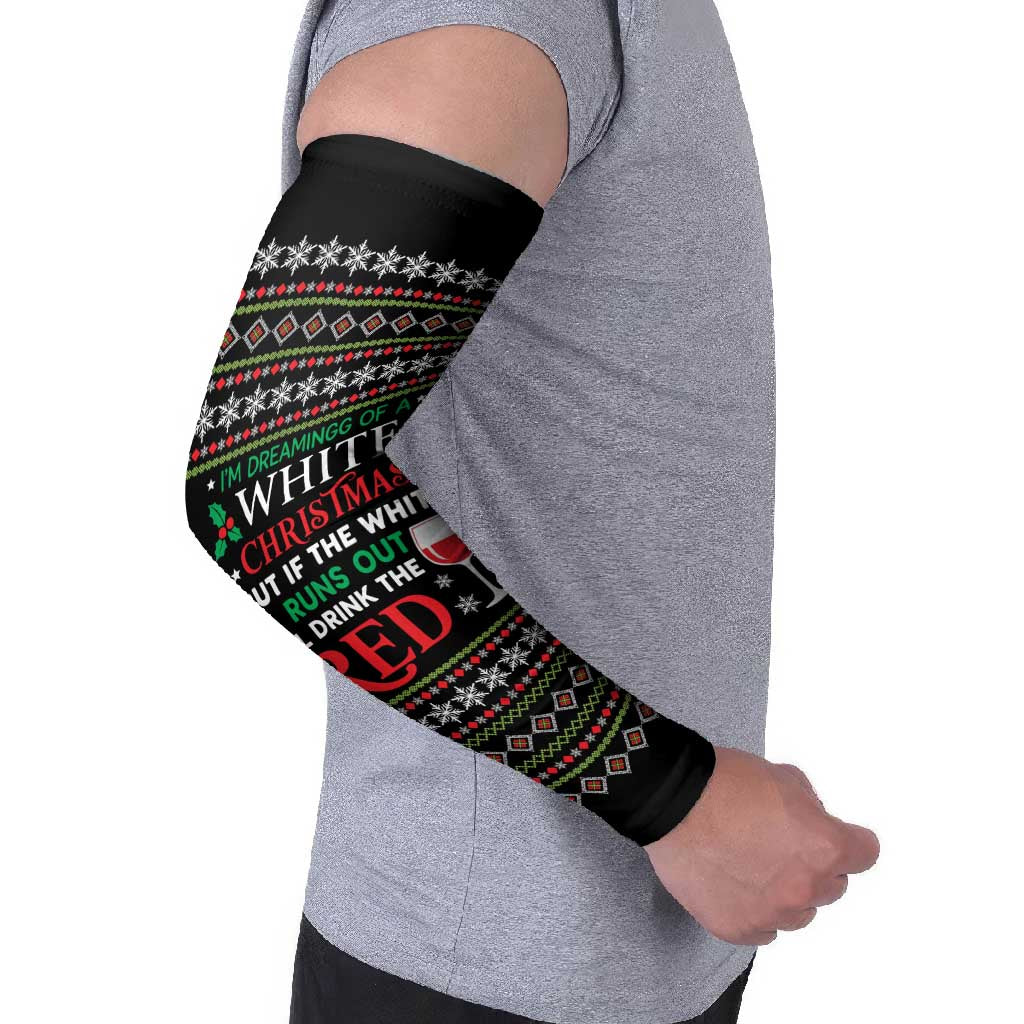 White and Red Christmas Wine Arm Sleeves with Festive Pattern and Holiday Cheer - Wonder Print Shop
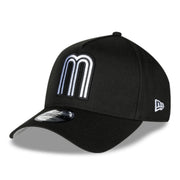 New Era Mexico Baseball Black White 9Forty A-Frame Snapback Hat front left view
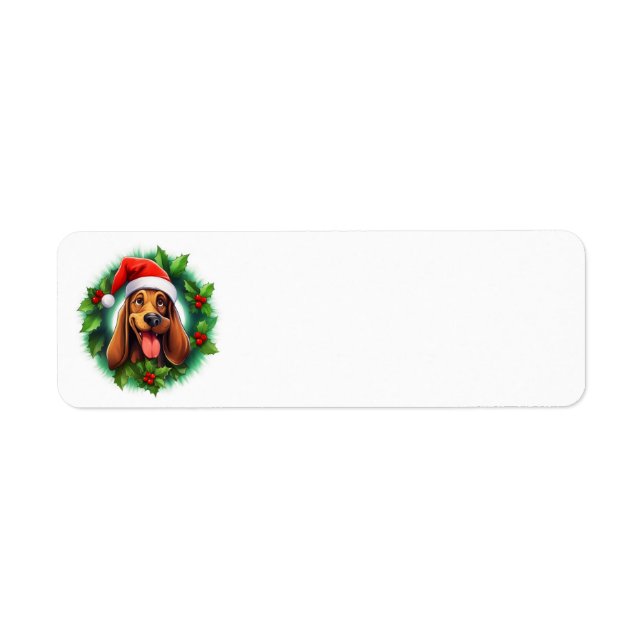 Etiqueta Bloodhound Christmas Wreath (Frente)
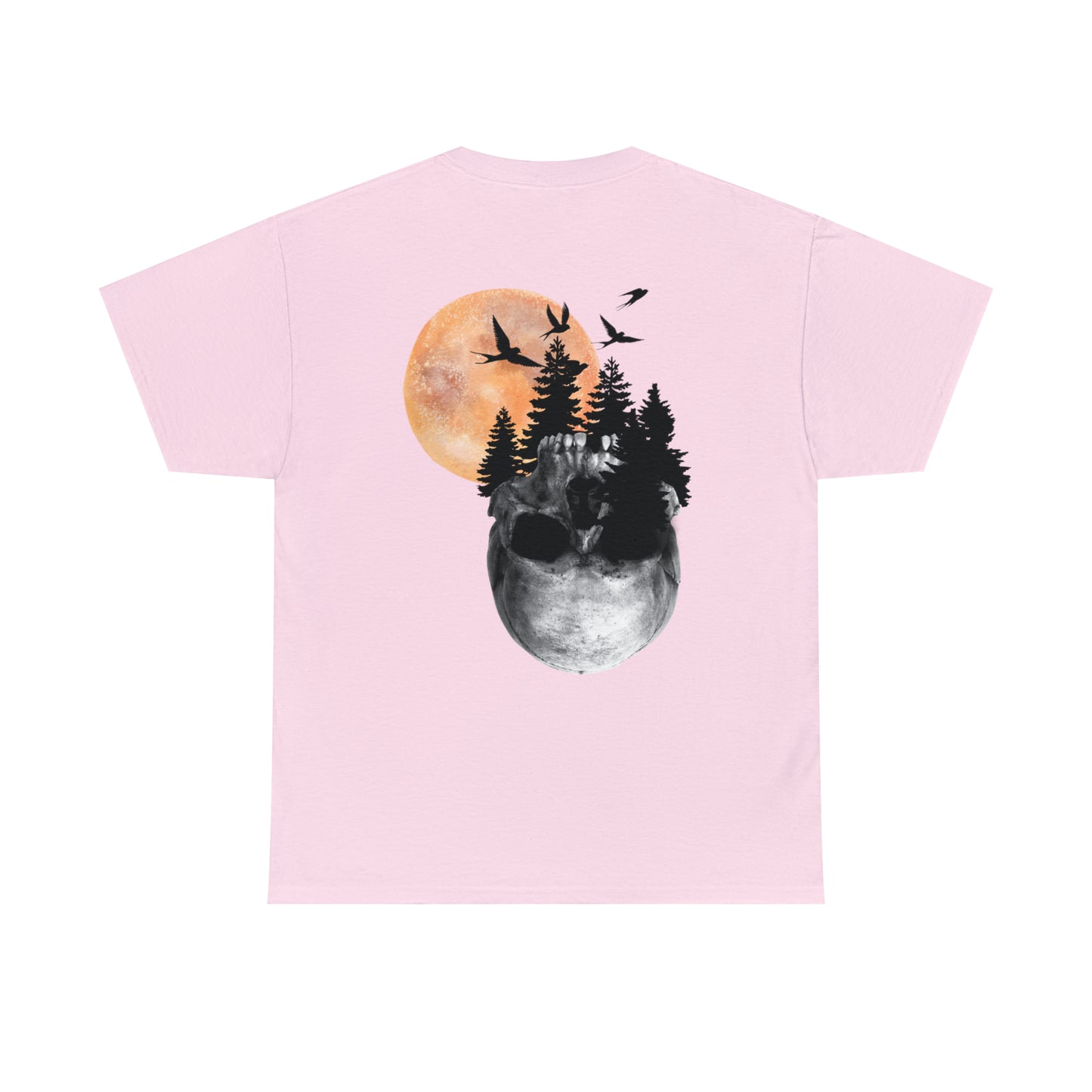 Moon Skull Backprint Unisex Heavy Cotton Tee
* * *
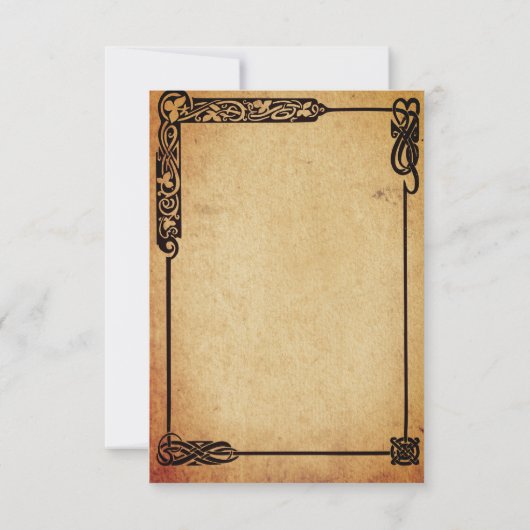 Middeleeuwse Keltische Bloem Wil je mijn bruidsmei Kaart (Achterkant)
--
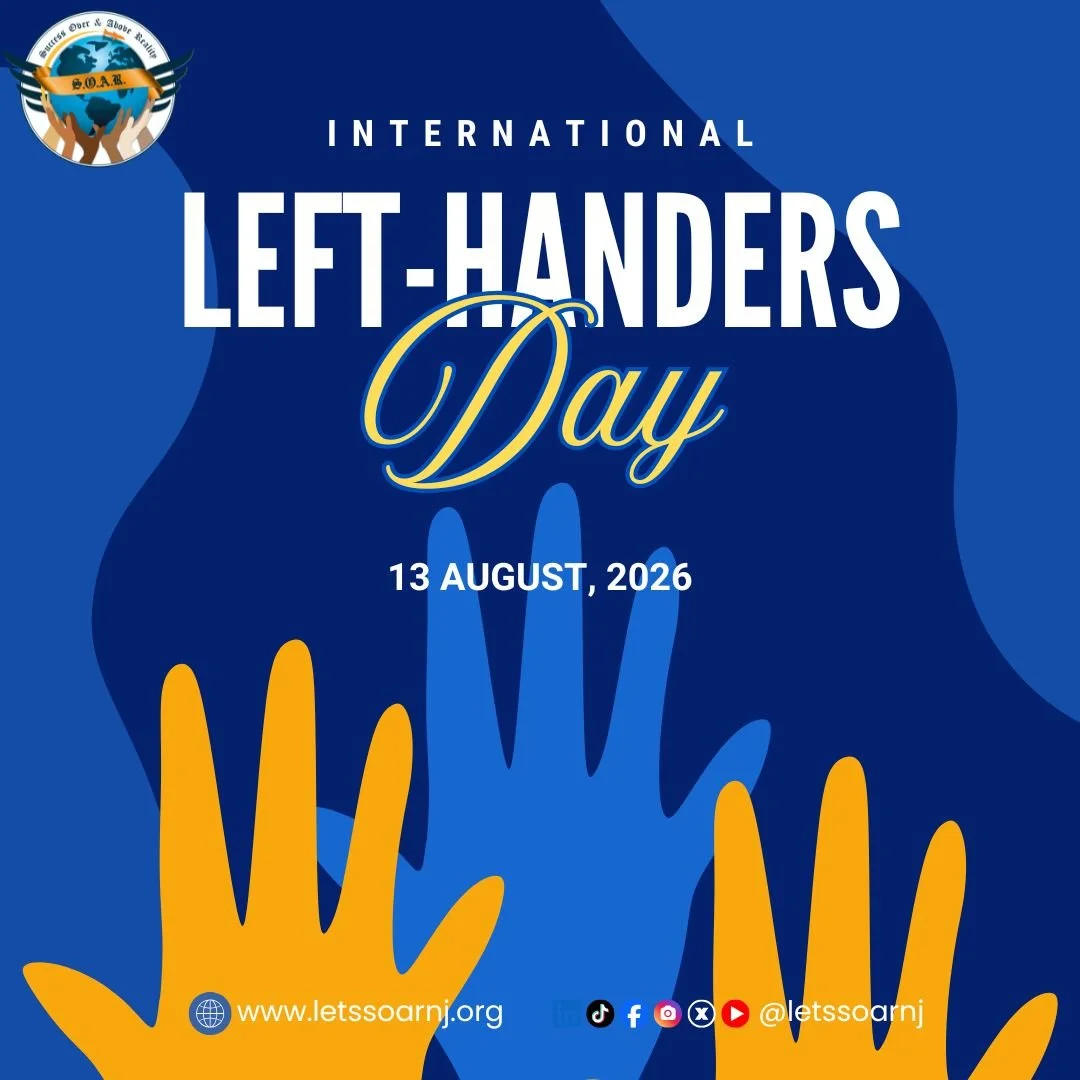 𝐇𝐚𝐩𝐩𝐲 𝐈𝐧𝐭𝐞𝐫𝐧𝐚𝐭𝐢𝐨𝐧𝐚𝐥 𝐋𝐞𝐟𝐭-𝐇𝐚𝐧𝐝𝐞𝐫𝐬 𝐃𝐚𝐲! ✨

- _EXERCISE GOAL_: Using the data above, output the line that has "Etiqueta Bloodhound Christmas", the line that has "Moon Skull Backprint Unisex Heavy Cotton Tee", and whatever lines fall between, each exactly as it stands and without pictures.

- _RESPONSE AREA_:
 Etiqueta Bloodhound Christmas Wreath (Frente)
 Moon Skull Backprint Unisex Heavy Cotton Tee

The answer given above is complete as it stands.